At first glance, it might appear the region could be in for a period of increasing violence and failed peace efforts. However, Netanyahu and Lieberman may be just the leaders Israel and the region need right now. Despite the perception in the West, it has been Israeli hard-line leaders, from Likud or right-wing factions of other parties, that have made peace with the Arabs. Menachem Begin, Yitzhak Rabin and Ariel Sharon are the leaders who have made the most dramatic efforts for peace: signing a peace treaty with Egypt, recognizing the PLO and signing peace with Jordan and withdrawing from the Gaza Strip.

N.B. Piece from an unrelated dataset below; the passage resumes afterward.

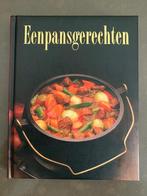 Eenpansgerechten, Liesbeth Kuitenbrouwer Hardcover, in nieuw, Boeken, Kookboeken, Ophalen of Verzenden, Zo goed als nieuw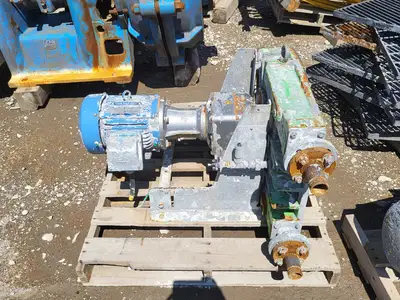 Used PROMINENT _UNKNOWN_ Parts (Hydraulics and Pneumatics) British Columbia CA | Lenmark #1440532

In this regard, President Obama and Secretary of State Hillary Clinton can help push the process along, especially if their initial efforts to bring Syria and Israel back into negotiations succeeds. Peace between Syria and Israel would strengthen the security of both nations, undermine Iran and enable Israel to take more risks in negotiations with the Palestinians. A "Syria First" strategy, encouraged and enabled by Turkey and the United States, might provide the initiative to resolve the more difficult problem of the two-state solution for the Israelis and Palestinians.
President George W. Bush deserves significant praise for setting the stage for Obama, primarily through a winning strategy in Iraq. With U.S. and Iraqi forces well on their way to defeating al-Qaida and other insurgent groups in Iraq, the new administration can focus elsewhere in the region and implement the phased withdrawal plan they inherited from President Bush. U.S. support for Operation Cast Lead in the Gaza Strip, as well as its quiet support for the Israeli-Syrian talks, also has created necessary prerequisites for that venue to continue.
The first few months of the Obama administration, for all their domestic stumbles, appear to be providing genuine possibilities for resolving some of the most long-standing and difficult challenges in the Middle East. Provided President Obama and his foreign policy team continue along the same lines -- providing gentle encouragement in public, strong-arming behind closed doors and building on the successes of President Bush -- there is every reason to be cautiously optimistic. While it may yet be many years before we see a comprehensive peace in the Middle East, we could be closed than anyone suspects to real breakthroughs on multiple fronts.
Dr. Wayne H. Bowen is professor and chair of the Department of History at Southeast Missouri State University.